Przypomniał, że "ostatnio mieliśmy 7 procent udziału omikronu w populacji, teraz mamy już 8 procent". Jak mówił, oznacza to, że wykrywane jest coraz więcej zakażeń tym wariantem koronawirusa. - Myślę, że na koniec stycznia będziemy już go mieli na pewno na poziomie mniej więcej 50 procent i powyżej - dodał Andrusiewicz.
- Przed omikronem może nas chronić trzecia dawka, dawka przypominająca. Cały czas do tej dawki państwa zachęcamy, tak jak zachęcamy do szczepienia dzieci – powiedział.
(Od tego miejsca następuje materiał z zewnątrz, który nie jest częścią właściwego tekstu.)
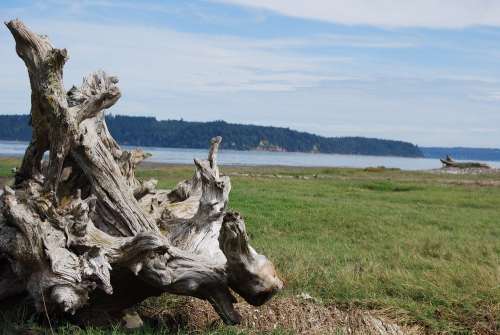 A weathered driftwood log on grassy shore, with a calm water body and distant hills under a blue sky.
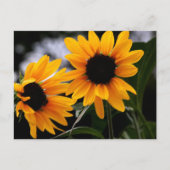 Foto zonnebloem briefkaart (Voorkant)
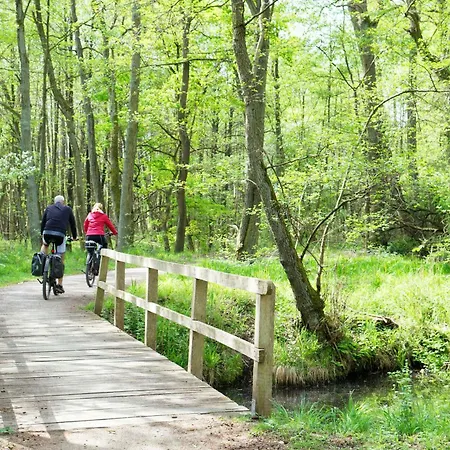 De Doerpkieker - Familienparadies Am Torgelower *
Andrusiewicz o danych dotyczących szczepień dzieci i młodzieży
Na konferencji prasowej rzecznik MZ wskazał, że "w ostatnich dniach liczba zarówno rejestrowanych dzieci w wieku 5-11 lat, jak i dzieci szczepionych niestety cały czas spada". Przypomniał, że "w tej chwili zarejestrowanych mamy 415 tysięcy dzieci, a zaszczepionych 310 tysięcy". - Stąd gorący apel - szczepmy dzieci - podkreślił Andrusiewicz.
Rzecznik MZ zwrócił także uwagę, że "na pewno lepiej przebiega to szczepienie w grupie wiekowej 12-17 lat". Wyjaśnił, że w tej grupie "już blisko 900 tysięcy dzieci i młodzieży jest zaszczepione".
Zastrzegł jednak, że "oczywiście trzeba pracować nad tym, aby to wyszczepienie wśród dzieci i młodzieży zwiększyć tak, abyśmy po feriach, które rozpoczynają się już w części województw w poniedziałek, mogli ze spokojem oczekiwać powrotu wszystkich do szkoły".